Sunday, October 12, 2008

autumn always urges me to read English Romantics, I guess because the poems are so landscapey, and of a climate at least somewhat akin to New England. this has been a preternatural New England fall weekend, the colours seeming transcendent, with a similar emotional heft as when the spring flowers bloom. but one sees, alas, bumblebees doggedly gathering in the dahlias, still collecting pollen, but frail now, chilled and worn. I wonder a lot about Halloween and its appeal. the decorations arrive with the same early rush as Christmas now. people are going to pretty fancy lengths to decorate appropriately for the holiday, if I can call it that. Pottery Barn has a Halloween-inspired dinner table displayed, hi-gear accouterments like silver skulls at each place setting. apparently a market exists even for lavish dinner parties of a Halloweenish nature. I would not have thunk it.
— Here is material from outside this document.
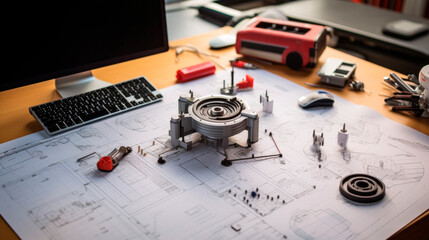 a table serves as a nexus of innovation, its surface arrayed with array of tools and a central deskt
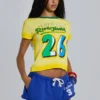 Camiseta corta vintage «Amerela» con estampado aerografiado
I guess I do not like Halloween because there is no thought behind it, no measure. a semi-ironic play with horror, and the opportunity to dress up, cosplay. but no acknowledgment of a Golden Bough dimension to the proceedings, just arch reference to scary. it seems like this time of harvest and fade deserves better attention, at least in the way that Thanksgiving or Christmas offer lip service to the underpinnings. bumblebees are dying with Puritan work ethic, and people are just sending unheeded consultations from the unconscious. well I guess I'm a poopypants, but there is such a poetic savour to this time, that the corny exultation of effect that is Halloween seems a poor substitute for the due confrontation. monsters... a remarkably chilling yard display that I saw years ago consisted of a life size human figure standing in the yard holding a rake or shovel. it just looked like an old man standing there, but somehow the inference was easy that his wife or a neighbourhood child was buried somewhere in the yard, or some other evil intention fulfilled. a damn sight more chilling than those gravestones for Frank N Stein. but what is the purpose or proposal of such a display? or how does that display fit anything we find necessary. I do not say it doesn't, I just ask how. poetry lives in a world of glum lack of horizon much of the time: centralized evocations of self-explanation, verbal pomade for some radiated trend, or other weak entries to the communal trough. Halloween grips us, it seems, but it has not made its vocabulary known. perhaps there's some reading to do.